Architect Ludwig Mies van der Rohe, and golf legend Walter Hagen, and skating superstar Sonia Henie died. Brett Favre, and Rachel Hunter, and Gwen Stefani were born.

September 26, 1969. A Major League Baseball team based in Washington, D.C. clinched a winning season. Now, it has happened again, for the 1st time in 43 years.

Can they take it to the next level? It may depend on whether they let Stephen Strasburg pitch in the postseason.

(UPDATE: They didn't let Strasburg pitch. I wonder what they would now give to have let Strasburg pitch 1 inning of the 2012 National League Division Series. Specifically, the 9th inning of the deciding Game 5.)

3 comments:

Kent Larsen said...

"George Romney, was President Nixon’s Secretary of Transportation"

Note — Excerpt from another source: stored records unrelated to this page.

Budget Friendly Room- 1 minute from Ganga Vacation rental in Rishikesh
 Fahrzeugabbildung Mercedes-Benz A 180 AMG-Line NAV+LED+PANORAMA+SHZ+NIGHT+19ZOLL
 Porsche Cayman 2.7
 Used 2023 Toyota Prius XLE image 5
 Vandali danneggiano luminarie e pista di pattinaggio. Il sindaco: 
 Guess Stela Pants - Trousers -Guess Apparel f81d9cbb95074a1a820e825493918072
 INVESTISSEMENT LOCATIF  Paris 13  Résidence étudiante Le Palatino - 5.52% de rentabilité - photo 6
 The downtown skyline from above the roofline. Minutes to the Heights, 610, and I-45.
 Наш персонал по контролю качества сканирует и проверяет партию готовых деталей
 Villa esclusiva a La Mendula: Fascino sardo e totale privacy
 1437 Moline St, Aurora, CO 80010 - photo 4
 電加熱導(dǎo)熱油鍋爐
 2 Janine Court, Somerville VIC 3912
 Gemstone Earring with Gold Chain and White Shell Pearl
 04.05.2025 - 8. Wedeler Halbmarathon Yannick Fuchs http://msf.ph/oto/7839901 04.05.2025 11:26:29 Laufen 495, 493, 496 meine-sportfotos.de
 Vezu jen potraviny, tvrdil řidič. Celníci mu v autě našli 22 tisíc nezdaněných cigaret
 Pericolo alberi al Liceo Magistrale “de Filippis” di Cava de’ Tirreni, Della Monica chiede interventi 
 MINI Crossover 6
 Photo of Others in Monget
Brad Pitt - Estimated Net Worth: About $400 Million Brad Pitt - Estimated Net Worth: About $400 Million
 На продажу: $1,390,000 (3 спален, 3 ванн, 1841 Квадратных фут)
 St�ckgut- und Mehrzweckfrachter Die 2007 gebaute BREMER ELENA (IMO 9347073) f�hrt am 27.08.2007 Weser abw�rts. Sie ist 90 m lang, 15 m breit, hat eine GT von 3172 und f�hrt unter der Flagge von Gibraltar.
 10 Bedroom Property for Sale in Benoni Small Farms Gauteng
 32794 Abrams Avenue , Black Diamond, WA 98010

Small correction, George Romney was Secretary of Housing and Urban Development.

Uncle Mike said...

I stand corrected. Nixon did appoint a Republican Governor to be his Secretary of Transportation, but it was John Volpe of Massachusetts -- not the father of a Governor of Massachusetts. I will make the correction in the post.

Anonymous said...

Sorry, but Hillary Rodham (Clinton) was not the valedictorian at Wellesley. She was not at the top of her class, and, besides, the college has never named a valedictorian. You can, as they say, look it up.